De plus, ces ORC présentent une structure complexe contenant plusieurs cercles intérieurs. Les images, obtenues lors de l’étude, ont permis à l’équipe de produire des cartes de la polarisation du rayonnement et de l’indice spectral. Cette image de polarisation montre un champ magnétique courant le long du bord de la sphère. Cela suggère qu’une explosion dans la galaxie centrale a provoqué la collision d’un souffle chaud avec le gaz ténu à l’extérieur de la galaxie. L’onde de choc résultante a ensuite excité les électrons dans le gaz, les faisant tourner autour du champ magnétique, générant des ondes radio. Norris précise : « Une grande surprise du résultat MeerKAT est que dans l’anneau, nous voyons plusieurs filaments courbes d’émission radio. Nous ne savons toujours pas ce que c’est ».

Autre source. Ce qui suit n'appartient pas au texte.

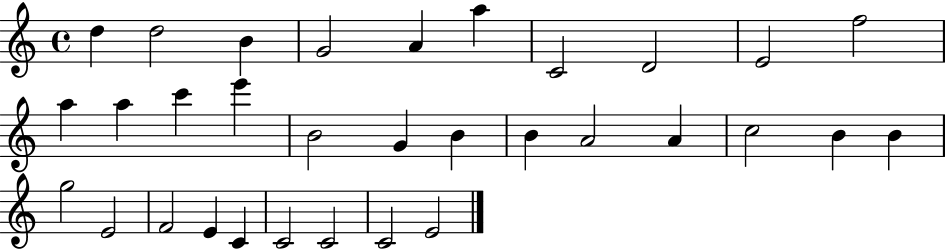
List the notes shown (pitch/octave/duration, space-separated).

D5/q D5/h B4/q G4/h A4/q A5/q C4/h D4/h E4/h F5/h A5/q A5/q C6/q E6/q B4/h G4/q B4/q B4/q A4/h A4/q C5/h B4/q B4/q G5/h E4/h F4/h E4/q C4/q C4/h C4/h C4/h E4/h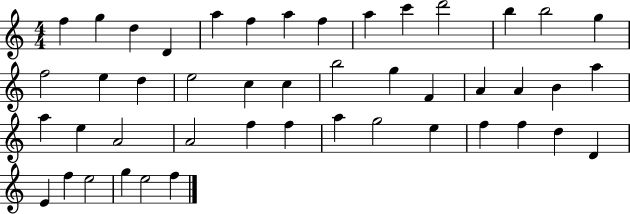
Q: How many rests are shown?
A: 0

Néanmoins, les chercheurs pensent que la sphère est si énorme qu’elle a englouti d’autres galaxies lors de l’explosion au sein de la galaxie centrale. Les filaments observés seraient alors des traînées de gaz arrachées aux galaxies par l’onde de choc de passage.
En raison de ces observations, ils ont retenu trois principales hypothèses quant à l’origine de ces ORC. 1) Ils pourraient être les vestiges d’une énorme explosion au centre de leur galaxie hôte, comme la fusion de deux trous noirs supermassifs ; 2) il peut s’agir de puissants jets de particules énergétiques s’échappant du centre de la galaxie ; 3) finalement, ils pourraient provenir de l’énergie résiduelle des rafales de formation d’étoiles.

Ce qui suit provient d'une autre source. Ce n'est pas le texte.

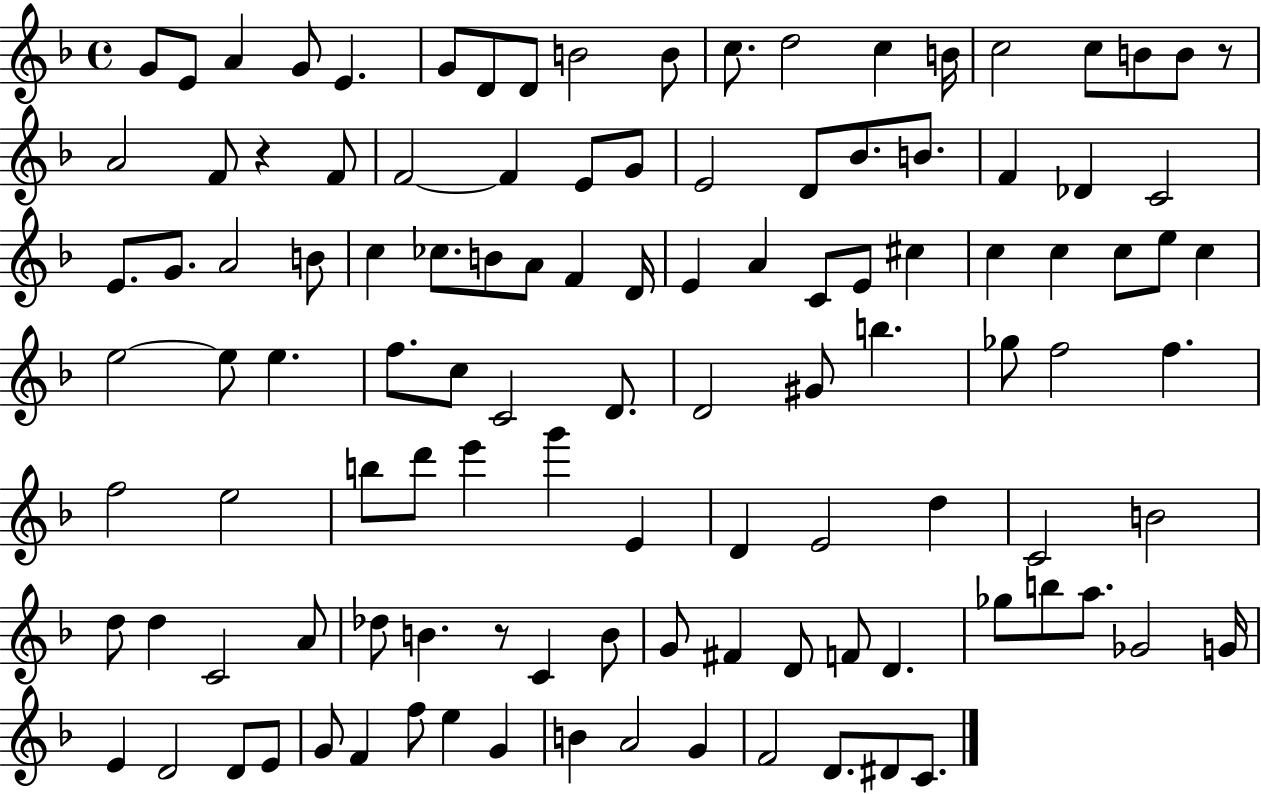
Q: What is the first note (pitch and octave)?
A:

Identifier l’origine des ORC par la coopération internationale
Le professeur Elaine Sadler, scientifique en chef de l’installation nationale du télescope australien du CSIRO, qui comprend ASKAP, a déclaré que pour l’instant, ASKAP et MeerKAT travaillent ensemble pour trouver et décrire ces objets rapidement et efficacement. D’ailleurs, elle précise : « Presque tous les projets d’astronomie sont améliorés par la collaboration internationale – à la fois avec les équipes de personnes impliquées et la technologie disponible. ASKAP et MeerKAT sont tous deux précurseurs du projet international SKA. Notre compréhension en développement des étranges cercles radio est rendue possible par ces télescopes complémentaires travaillant ensemble ».
Pour vraiment comprendre ces étranges cercles radio, les scientifiques devront avoir accès à des radiotélescopes encore plus sensibles, tels que ceux du futur observatoire SKA (Square Kilometre Array). Il s’agit d’un projet planétaire qui sera déployé par une Organisation Inter-Gouvernementale, en cours d’élaboration, dont le siège sera hébergé par l’Observatoire radio de Jodrell Bank au Royaume-Uni, au sud de Manchester. Il est soutenu par plus d’une douzaine de pays, dont le Royaume-Uni, l’Australie, l’Afrique du Sud, la France, le Canada, la Chine et l’Inde.
En termes simples, le SKA est un réseau d’antennes avec une surface collectrice totale d’un kilomètre carré. Lorsqu’il sera opérationnel en 2027, il sera le plus grand radiotélescope au monde. Il consiste en deux infrastructures sur une gamme d’ondes radio inégalée. En Afrique du Sud, un instrument de moyenne fréquence sera composé de 197 paraboles. Un second en basse fréquence sera constitué de 131 000 antennes, situé en Australie.
Le professeur Norris conclue : « Il ne fait aucun doute que les télescopes SKA, une fois construits, trouveront beaucoup plus d’ORC et pourront nous en dire plus sur le cycle de vie des galaxies. Jusqu’à ce que le SKA devienne opérationnel, ASKAP et MeerKAT sont sur le point de révolutionner notre compréhension de l’Univers plus rapidement que jamais ». L’énigme des ORC n’est donc toujours pas résolue et l’Univers est loin d’avoir dévoilé tous ses mystères.